Origin of "Dutch Roll"

Perhaps the skating technique is the origin??

The 'Dutch Roll'
In the Dutch language this is known as 'schoonrijden' which translates into graceful but controlled skating. It is beautiful and serene in its appearance. The purpose of the rolling is to place curved strokes on the ice by skating in turn on the outer edge of the runner blades only in a regular pace
 
Origin of "Dutch Roll"

Or, perhaps:

Dutch Roll

I suppose that just as much of our aviation language originated from naval terms, the origin of the Dutch-roll could have come from the peculiar sideways shift of the stern of an apple-bowed caravel (Dutchman) when running before a following sea. As the stern was lifted by the oncoming wave it would swing to one side, the hull would roll as the swell passed, and the stern would swing back onto the course-line as the breaker moved under the bow and the hull rolled upright.

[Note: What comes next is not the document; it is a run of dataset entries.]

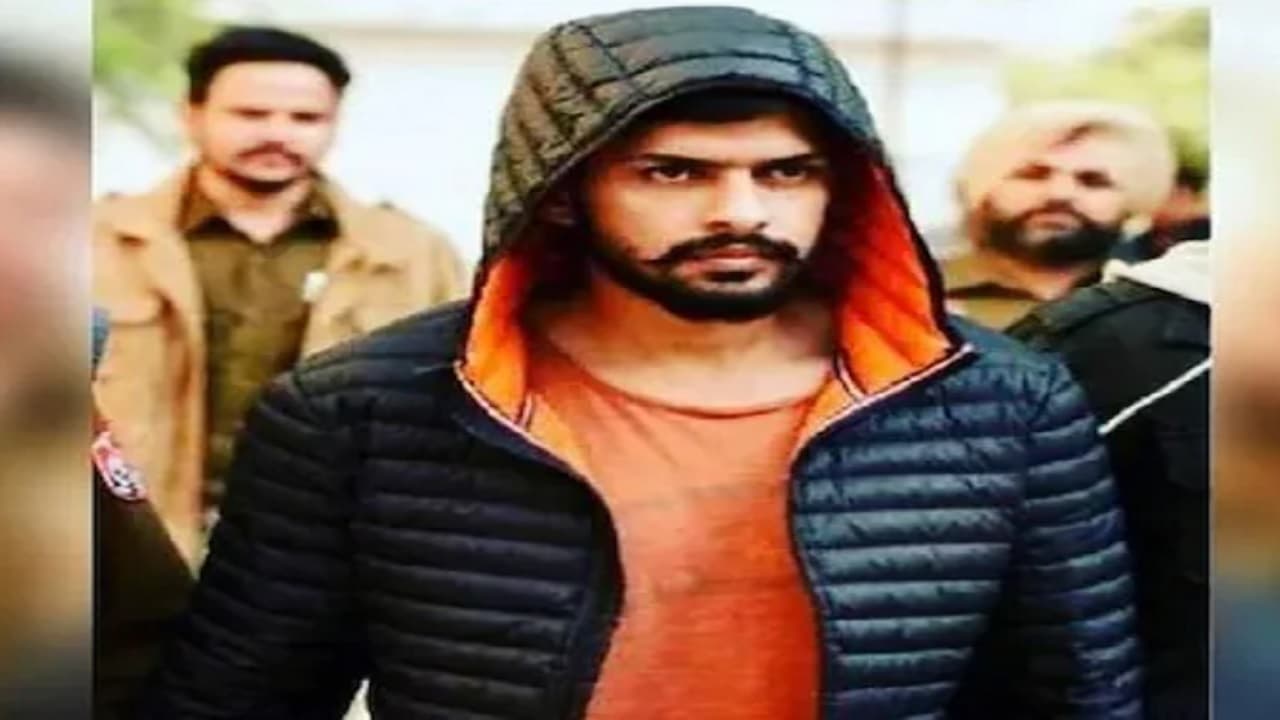 गैंगस्टर लॉरेंस बिश्नोई के इंटरव्यू पर पंजाब में घमासान, अमृतपाल के साथ ही गौंडर गैंग ने जानें क्या कुछ कहा...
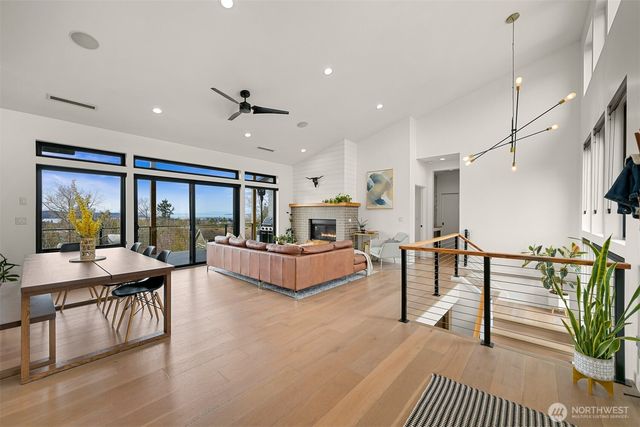 9687 Crest Drive, Blaine, WA 98230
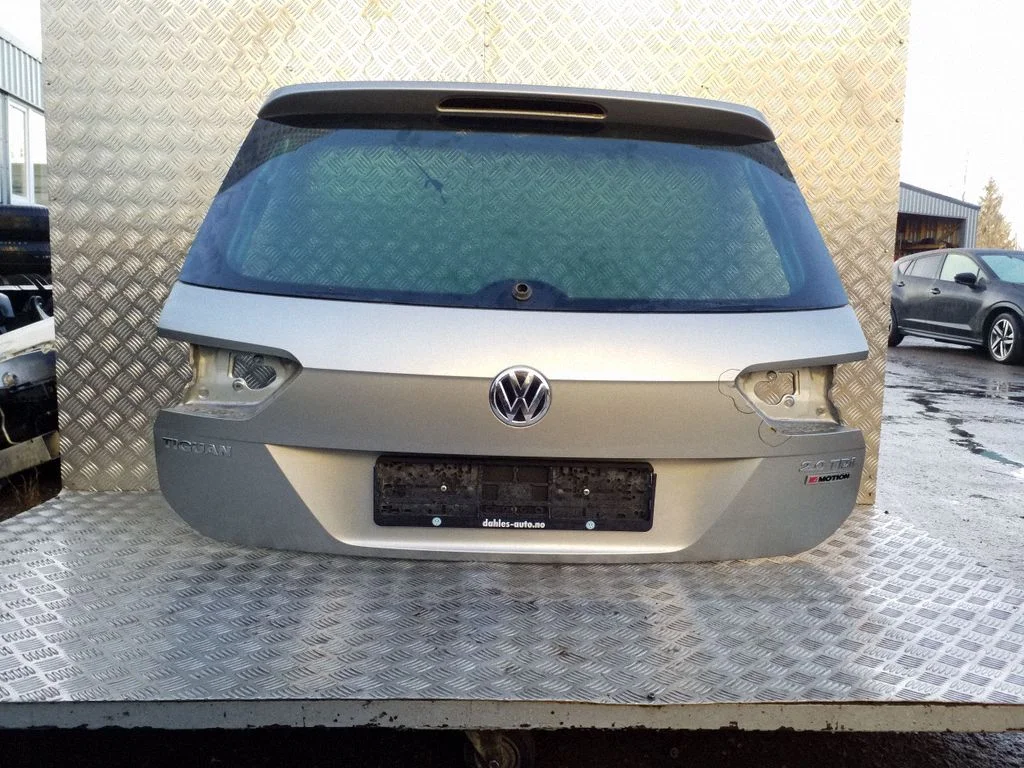 Tailgate/trunk/boot lid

In an aircraft, especially those with V-tails, it is a tendency for the tail to wander off the line-of-flight far enough to generate a straightening force, but overshooting the correction only to repeat the excursion on the other side. If accompanied with a pitch variant, the tail may oscillate in a circle. The Dutch-roll in ship and aircraft is an undesirable characteristic.
 
When I first did Dutch Rolls, the instructor told me how I could tell if I was doing the maneuver correctly - the advice stuck with me.

When you look out the side window, the wing should be moving straight up and down with reference to the horizon - with no aft/forward movement.

That made sense to me, and the maneuver became simple. After a couple rolls, you will find the stick/rudder dance pattern that will do the job.
 
Tony C,

Your last explanation is the correct one for the origin of the term 'Dutch Roll'. All ships exhibit this tendency (makes for added challenge landing in heavy seas-the deck moves up, down, and side-side). Some ships do have dampers, however.

My understanding of the source is that since the dutch were one of the first western naval powers, the term is credited to them. Whether it comes from the type of ships they sailed or just the number of Dutch ships on the oceans then, I don't know.
 
Edited to correct some gramer.

Dutch Roll is the tendency, but the “erroneously” named coordination training-maneuver has been around for years. I think its time for diehards to recognize that too many people know of the training maneuver as dutch rolls to ignore. The term now has two very different meanings.

As a side point, the term coordinated flight has two meanings which are often more difficult to reconcile. One is the simultaneous use of flight controls (more than one) to achieve the desired result. The other is (simplified), the ball centered. The training maneuver dutch rolls are coordinated under the first definition and uncoordinated under the second.
 
Last edited:
Well,...after all that, the only thing I'm sure of now is that I like my Dutch rolls to have love handles.
 
cubpilot said:
Edited to correct some gramer.

Dutch Roll is the tendency, but the “erroneously” named coordination training-maneuver has been around for years. I think its time for diehards to recognize that too many people know of the training maneuver as dutch rolls to ignore. The term now has two very different meanings.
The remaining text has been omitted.